Archangel: A Hybrid UAV-based Human Detection Benchmark with Position and Pose Metadata
Yi-Ting Shen, Yaesop Lee, Heesung Kwon, Damon M. Conover, Shuvra S., Bhattacharyya, Nikolas Vale, Joshua D. Gray, G. Jeremy Leong, Kenneth, Evensen, Frank Skirlo

TL;DR
Archangel is a comprehensive UAV-based human detection dataset with detailed position and pose metadata, enabling improved model evaluation and understanding of UAV imagery variations.
Contribution
It introduces the first UAV-based object detection dataset with synchronized real and synthetic data and rich metadata for enhanced model diagnosis and learning.
Findings
Metadata improves model evaluation accuracy
Synthetic data complements real data effectively
Insights into model optimization with metadata
Abstract
Learning to detect objects, such as humans, in imagery captured by an unmanned aerial vehicle (UAV) usually suffers from tremendous variations caused by the UAV's position towards the objects.

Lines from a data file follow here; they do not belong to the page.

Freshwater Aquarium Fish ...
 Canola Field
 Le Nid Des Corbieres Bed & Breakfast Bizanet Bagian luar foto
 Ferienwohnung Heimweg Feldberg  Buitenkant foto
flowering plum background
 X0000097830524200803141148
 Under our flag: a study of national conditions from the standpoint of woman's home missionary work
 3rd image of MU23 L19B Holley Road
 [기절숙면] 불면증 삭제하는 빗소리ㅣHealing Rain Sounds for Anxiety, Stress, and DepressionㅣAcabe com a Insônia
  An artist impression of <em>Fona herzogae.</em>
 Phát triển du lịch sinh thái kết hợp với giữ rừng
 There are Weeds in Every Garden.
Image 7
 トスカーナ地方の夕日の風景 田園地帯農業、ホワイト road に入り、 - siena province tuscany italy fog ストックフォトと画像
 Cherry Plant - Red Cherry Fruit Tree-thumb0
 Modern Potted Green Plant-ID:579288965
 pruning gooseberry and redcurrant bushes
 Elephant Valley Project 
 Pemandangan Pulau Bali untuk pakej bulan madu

In addition, existing UAV-based benchmark datasets do not provide adequate dataset metadata, which is essential for precise model diagnosis and learning features invariant to those variations. In this paper, we introduce Archangel, the first UAV-based object detection dataset composed of real and synthetic subsets captured with similar imagining conditions and UAV position and object pose metadata. A series of experiments are carefully designed with a state-of-the-art object detector to demonstrate the benefits of leveraging the metadata during model evaluation. Moreover, several crucial insights involving both real and synthetic data during model optimization are presented. In the end, we discuss…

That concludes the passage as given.